Giuliano Colonna, 1st Prince o Sonnino (Grande de España) (10 December 1671 – 11 April 1732) was an Italian nobleman of the House of Colonna. He was Prince of Galatro and Sonnino, and a Grandee of Spain. In 1688 he married the great heiress Giovanna van den Eynde, from whom he acquired a fortune, the title of Marquess of Castelnuovo, and the Palazzo Zevallos Stigliano.

Life
He was born on December 10, 1671 in Rome, the son of Filippo Colonna, Lord of Sonnino, and his wife Clelia Cesarini.

As a teenager, he was married to the great heiress Giovanna van den Eynde.
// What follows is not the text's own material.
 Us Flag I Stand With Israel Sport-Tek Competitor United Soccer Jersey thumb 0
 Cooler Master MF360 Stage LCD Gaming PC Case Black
Through his marriage to her, he acquired the title of Marquess of Castelnuovo, the Palazzo Zevallos Stigliano, a huge art collection, and the greater part of the van den Eynde's fortune, all of which contributed to boost his position.

In 1690, the king of Naples chose him as his ambassador to the Holy See for the traditional presentation of the chinea, the symbolic annual tribute paid by the king of Naples to the pontiff. King Philip V of Spain, sovereign of the kingdom of Naples, granted him the Grandeza de España in 1715.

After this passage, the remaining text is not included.